The researchers have already confirmed their discovery in human tissue samples and used it to reverse high blood pressure in lab mice.
"Our study identifies the cellular mechanisms that increase blood pressure in obesity, and shows that these mechanisms can be targeted for lowering the blood pressure. If we are able to design the appropriate compounds, we might be able to treat hypertension in obese patients," said lead researcher Swapnil K. Sonkusare, PhD, of UVA's Department of Molecular Physiology and Biological Physics and UVA's Robert M. Berne Cardiovascular Research Center.
The Obesity Epidemic
Obesity is a growing problem worldwide. The number of people considered obese has nearly tripled since 1975, and with obesity comes greater risk of cardiovascular disease, high blood pressure (hypertension) and stroke, among other health problems.
Small arteries in our body control blood pressure. Scientists have suspected that hypertension in obesity is related to problems in endothelial cells that line these small arteries. The reasons for this, however, have been unclear - until now.

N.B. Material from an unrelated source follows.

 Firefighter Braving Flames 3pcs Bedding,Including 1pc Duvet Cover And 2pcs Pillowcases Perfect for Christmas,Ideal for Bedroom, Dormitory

Sonkusare and colleagues found that a protein on the membranes surrounding endothelial cells allows calcium to enter the cells and maintains normal blood pressure. Obesity, it turns out, affects this protein, called TRPV4, within tiny subsections of the cell membrane. Sonkusare calls these faulty subsections "pathological microdomains."
"Under healthy conditions, TRPV4 at these tiny microdomains helps maintain normal blood pressure. We, for the first time, show the sequence of events that lead to a harmful microenvironment for calcium entry through TRPV4," he said. "I think the concept of pathological microdomains is going to be very important not just for obesity-related studies but for studies of other cardiovascular disorders as well."
A Local Problem
Obesity, the researchers found, increases the levels of peroxynitrite-making enzymes in the microdomains containing TRPV4. Peroxynitrite silences TRPV4 and lowers calcium entry into the cells. Without the proper amount of calcium, blood pressure goes up.
Sonkusare believes that targeting peroxynitrite or the enzymes that make it could be an effective way to treat and prevent high blood pressure in obesity, without the side effects that would come with trying to target TRPV4 itself.
"People asked me, 'Why don't you use a drug to directly activate TRPV4?' But TRPV4 is present in many other tissues, including brain, muscle and bladder," he explained. "So if you directly activate TRPV4, you will likely get undesirable side effects. The better approach would be to target the specific events that reduce TRPV4 function in obesity."
Sonkusare's discovery also may explain why attempts to use antioxidants to lower high blood pressure have not been very effective in clinical trials. This could be due to the lack of specificity of these antioxidants, he said. "We, for the first time, identify peroxynitrite as the precise oxidant molecule that increases blood pressure in obesity. The next step would be to design drugs that specifically target peroxynitrite and provide therapeutic benefit."
The discovery was made possible by innovative techniques developed in Sonkusare's lab. Researchers in his lab can visualize the calcium entry through TRPV4 in real time and use tools that enable the studies of microdomains. "Historically, researchers have studied larger blood vessels that don't control blood pressure," Sonkusare said. "Because of our unique techniques, we are able to study the microdomains in very small arteries that control the blood pressure. So our technical ability allows us to obtain these unique insights."
Blood Pressure Findings Published
Sonkusare and his colleagues have described their discovery in the scientific journal Circulation. The research team consisted of Matteo Ottolini, Kwangseok Hong, Eric L. Cope, Zdravka Daneva, Leon J. DeLalio, Jennifer D. Sokolowski, Corina Marziano, Nhiem Y. Nguyen, Joachim Altschmied, Judith Haendeler, Scott R. Johnstone, Mohammad Y. Kalani, Min S. Park, Rakesh P. Patel, Wolfgang Liedtke, Brant E. Isakson and Sonkusare.
The research was supported by the National Institutes of Health, grants HL142808, HL146914, HL138496 and HL088554; and the American Heart Association, grant 18POST33960212.